**PROBLEM TO WORK ON:** Transcribe the listing below only from the line with "Otto Zimmermann 230.2354.00" up to and including the line with "Beige Abstract Thinker".

- - -

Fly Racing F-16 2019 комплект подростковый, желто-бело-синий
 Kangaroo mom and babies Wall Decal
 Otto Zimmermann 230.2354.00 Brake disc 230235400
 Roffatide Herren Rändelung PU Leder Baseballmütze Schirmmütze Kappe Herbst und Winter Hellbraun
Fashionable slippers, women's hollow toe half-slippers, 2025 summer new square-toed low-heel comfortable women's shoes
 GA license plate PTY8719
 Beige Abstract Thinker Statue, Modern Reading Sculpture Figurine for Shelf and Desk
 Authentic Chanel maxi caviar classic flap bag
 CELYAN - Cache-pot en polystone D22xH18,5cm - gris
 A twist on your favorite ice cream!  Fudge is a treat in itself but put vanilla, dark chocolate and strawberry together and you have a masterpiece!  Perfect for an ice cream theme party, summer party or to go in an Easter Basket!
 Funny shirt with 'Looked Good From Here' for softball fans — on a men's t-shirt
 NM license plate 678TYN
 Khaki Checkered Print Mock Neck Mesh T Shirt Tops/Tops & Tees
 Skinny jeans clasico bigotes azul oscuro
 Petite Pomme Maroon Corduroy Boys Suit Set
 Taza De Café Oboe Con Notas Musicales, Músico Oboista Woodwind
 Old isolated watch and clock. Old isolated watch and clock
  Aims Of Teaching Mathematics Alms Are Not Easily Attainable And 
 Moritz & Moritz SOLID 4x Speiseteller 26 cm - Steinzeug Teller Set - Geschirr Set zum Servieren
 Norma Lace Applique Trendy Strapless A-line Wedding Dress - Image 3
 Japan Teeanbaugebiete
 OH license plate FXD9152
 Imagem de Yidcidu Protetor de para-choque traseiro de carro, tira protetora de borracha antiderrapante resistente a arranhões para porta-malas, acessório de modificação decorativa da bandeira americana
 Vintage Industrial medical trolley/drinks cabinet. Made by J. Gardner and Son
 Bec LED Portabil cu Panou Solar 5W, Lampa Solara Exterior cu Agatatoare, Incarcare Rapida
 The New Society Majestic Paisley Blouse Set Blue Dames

- - -

**RESPONSE TO THIS TASK:**
 Otto Zimmermann 230.2354.00 Brake disc 230235400
 Roffatide Herren Rändelung PU Leder Baseballmütze Schirmmütze Kappe Herbst und Winter Hellbraun
Fashionable slippers, women's hollow toe half-slippers, 2025 summer new square-toed low-heel comfortable women's shoes
 GA license plate PTY8719
 Beige Abstract Thinker Statue, Modern Reading Sculpture Figurine for Shelf and Desk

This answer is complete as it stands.